Le dénominateur commun de l’affaire de la montre et des rumeurs de pédophilie est André Kemmer, l’ancien agent du SREL qui se retrouve aujourd’hui à nouveau sur le devant de la scène en raison de son entretien privé avec Xavier Bettel (lire ci-dessus) .

La commission d’enquête parlementaire finit par constater la responsabilité politique de Jean-Claude Juncker qui en tant que Premier ministre avait la tutelle sur le SREL. Déjà déstabilisés par l’affaire Frieden mais aussi l’affaire Livange-Wickrange (soupçons de corruption dans le cadre de la construction d’un centre commercial et du stade national de football), Jean-Claude Juncker et le CSV sont lâchés par leur partenaire de coalition, le LSAP. Des élections anticipées sont la conséquence avec, à la clé, l’écartement du Parti chrétien-social du gouvernement.

Plus de trois ans plus tard, le CSV a décidé de contre-attaquer en mettant la pression sur Xavier Bettel.

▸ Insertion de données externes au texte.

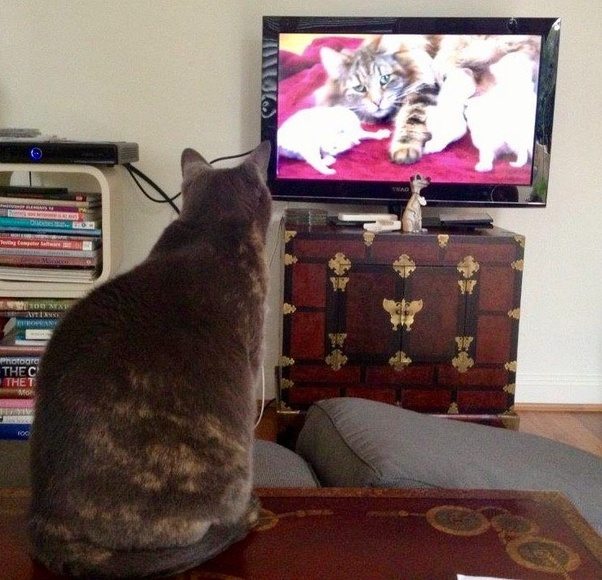 Does your cat like watching TV?
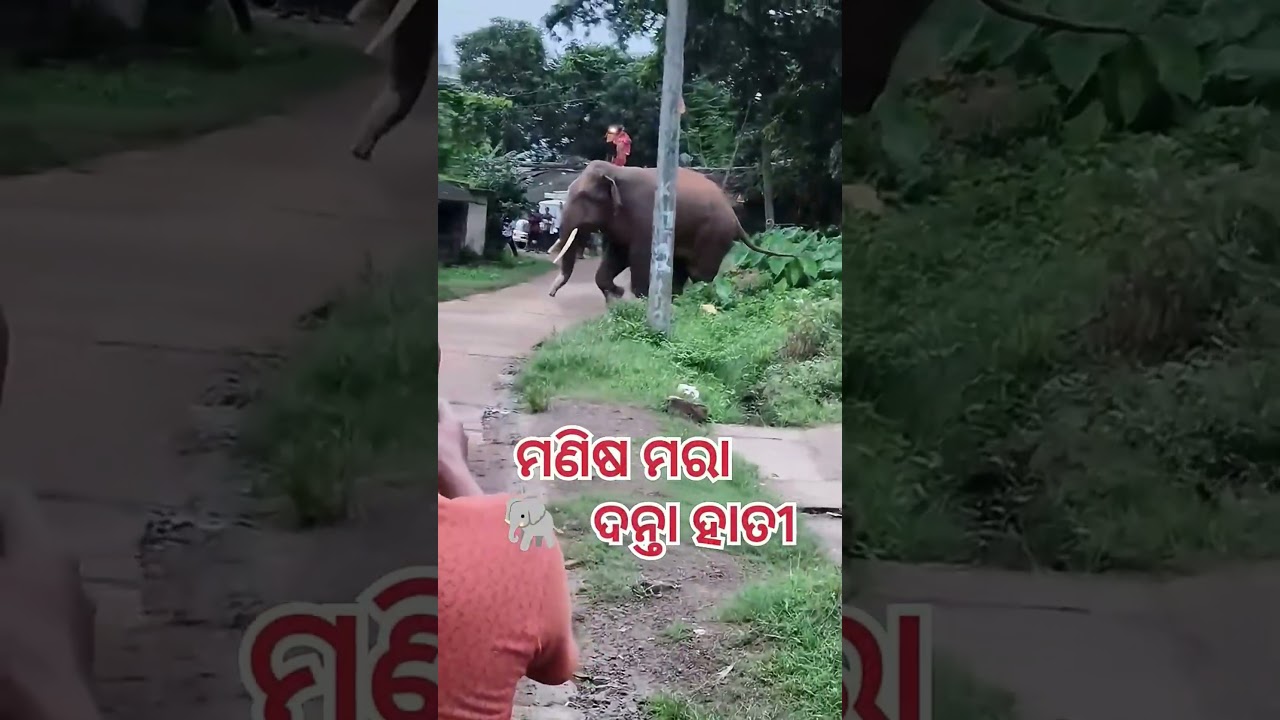#elephant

Il ne faut cependant pas oublier la part de responsabilité qu’a le parti dans l’enchaînement de ces affaires. En annonçant au soir du 10 juillet 2013 des élections anticipées, Jean-Claude Juncker échappe même au vote du rapport de la commission d’enquête sur le SREL.

En attendant, la réforme du SREL décidée en 2013 n’a toujours pas abouti. Cet après-midi à la Chambre, tous ces éléments vont refaire surface.